Close next: Limited Wish is probably worth preparing for emergency, but the Xp cost would prevent to use it daily. Prismatic Spray with some luck can result in multiple kills, and it seems the best for combat at this level; another one maybe Mass Hold Person, although it's limited to humanoids.

Far next: Greater Arcane Sight would have been more helpful if it wasn't limited to ongoing spells but also identified spell-like abilities, in which case it would be probably a good support for combat. Greater Teleport is obviously good but I'd probably prefer the more basic Teleport most of the time.


----------



## Asmo (Nov 9, 2004)

I voted Limited Wish.
I would be glad if someone could post the result of the 2 lvl spell poll.
I´ve lost my account and no way to renew it so I don´t have acess to search anymore.
I was checking the older threads but couldn´t find it there.

Asmo


----------



## dbm (Nov 9, 2004)

I voted Limited Wish, Prismatic Spray and Mage's Sword.

Limited wish is a powerful and versatile spell but not so expensive as to be uncastable.
Prismatic Spray is simply my favourite attack spell after reading the Dying Earth books, and it can take out a whole encounter of enemies if you are lucky.
Mage's Sword is a scalple to the sledge hammer that is Prismatic Spray - lets you put some smack-down on the enemies of your choice without catching fellow party members in any kind of area effect.

Cheers,
Dan


----------



## Thanee (Nov 9, 2004)

Li Shenron said:
			
		

> Close next: Limited Wish is probably worth preparing for emergency, but the Xp cost would prevent to use it daily.



 You're way too afixed to your precious XP. 

 Bye
 Thanee


----------



## Thanee (Nov 9, 2004)

Asmo said:
			
		

> I would be glad if someone could post the result of the 2 lvl spell poll.
> I´ve lost my account and no way to renew it so I don´t have acess to search anymore.
> I was checking the older threads but couldn´t find it there.



 Use the sort forum function (somewhere at the bottom left of the forum display) to sort by Thread Starter, increase the time frame accordingly and then browse for d... then dcollins. Should be a matter of a minute or two to find it.

http://www.enworld.org/forums/forum...t=postusername&order=desc&pp=30&daysprune=365
http://www.enworld.org/forums/forum...t=postusername&order=desc&pp=30&daysprune=365

  Bye
  Thanee


----------



## Al (Nov 9, 2004)

7th level is a really great spell level, and most of the spells are worth having.  Certainly very few are so poor as to consider not having them in your spellbook.
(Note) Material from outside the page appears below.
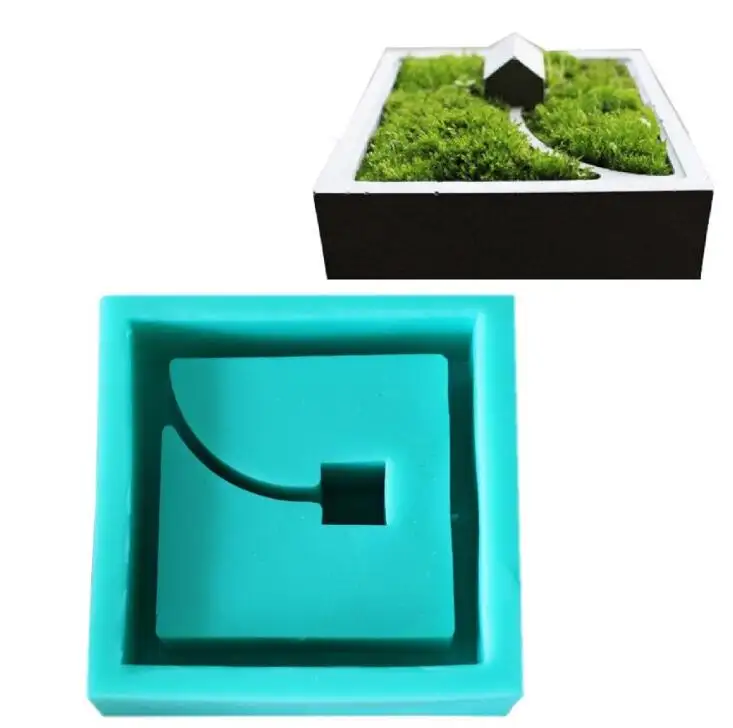 HY Architectural Square Flower Pot Silicone Mold for Succulent Planter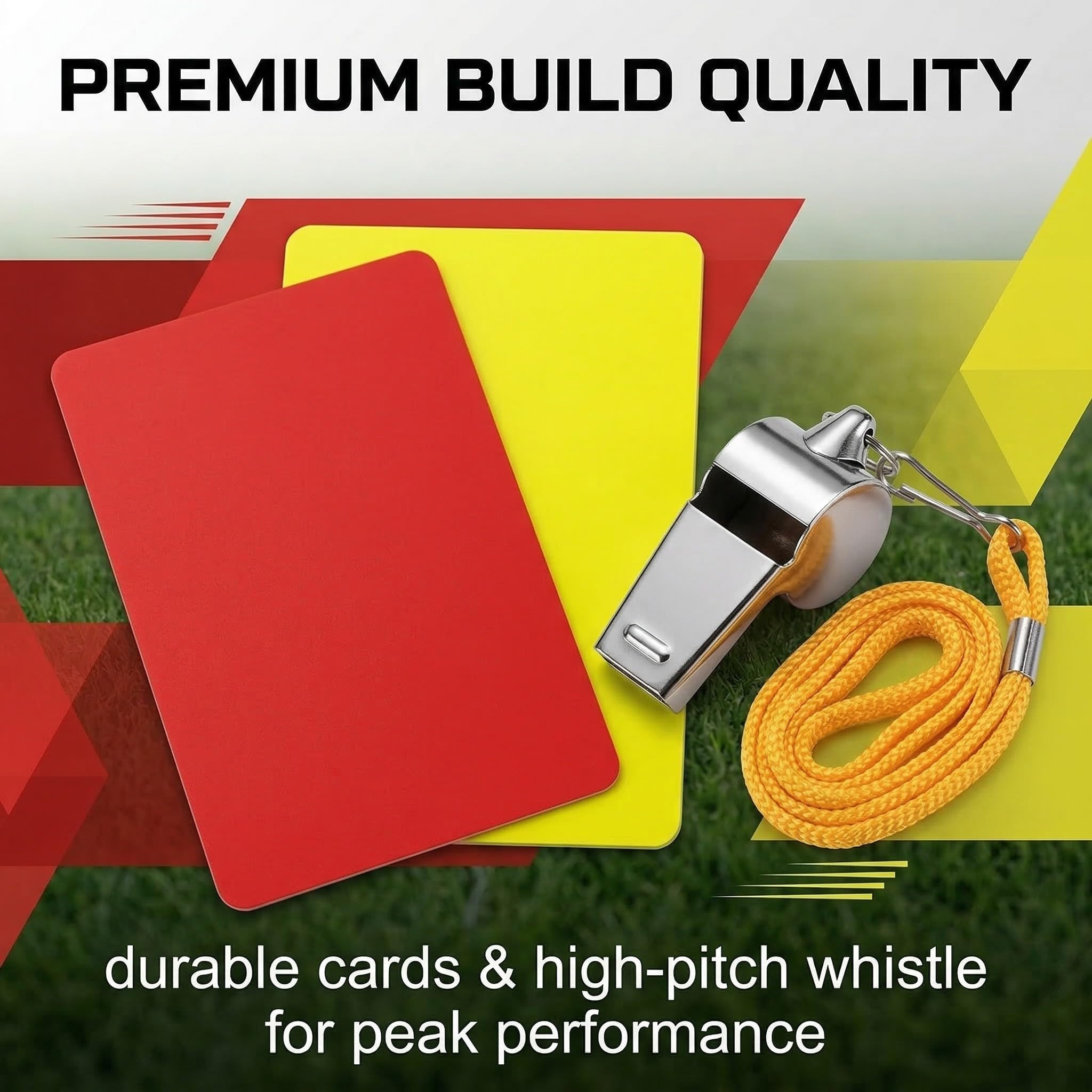 Kit de Árbitro de Fútbol con Tarjetas Roja/Amarilla y Silbato de Metal, Accesorios Árbitro para Deportes Escolares y Competiciones, Tarjetas con Cordón de Cuello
Having said that, Limited Wish, Forcecage and Greater Teleport stick out from the crowd.


----------



## Asmo (Nov 9, 2004)

Doh!
Never really thought of that possibility.
Thanx Thanee, I owe you one!

Asmo


----------



## Nail (Nov 9, 2004)

I've not had alot of experience casting Wiz spells of this level.  Still, a quick perusal (and as a long-time reader of the Storyhours) gives me this list:
Forcecage: Why would any wizard _not_ pick this no-save spell?

Summon Monster VII: Personal preference; I like the flexibility in meat shields.

Waves of Exhaustion: You all do know what no-save penalties this gives, right?



			
				SRD_3.5e said:
			
		

> *Exhausted:* An exhausted character moves at half speed and takes a –6 penalty to Strength and Dexterity. After 1 hour of complete rest, an exhausted character becomes fatigued.


----------



## Dark Dragon (Nov 9, 2004)

Voted for: 

- _Mage's Sword_ (cast it and let it fight on its own, while you cast other spells. It is good against incorporeal creatures and has a quite good attack bonus)

- _Spell Turning_ (comes in handy when you're targeted by _Greater Dispelling, Horrid Wilting_,...)

- _Greater Teleport_ (simply useful, even for the whole party)

_Prismatic Spray_ is also a nice offensive spell, but allows SR and save. _Waves of Exhaustion_ allows SR but is quite effective against non-constructs and non-undead opponents. 

_Forcecage_ is too expensive, IMO, burning 1500 GM per use may deplete the wizard's cash quickly... _Limited Wish_ is nice, but losing XP too often hurts.


----------



## dcollins (Nov 9, 2004)

Asmo said:
			
		

> I would be glad if someone could post the result of the 2 lvl spell poll.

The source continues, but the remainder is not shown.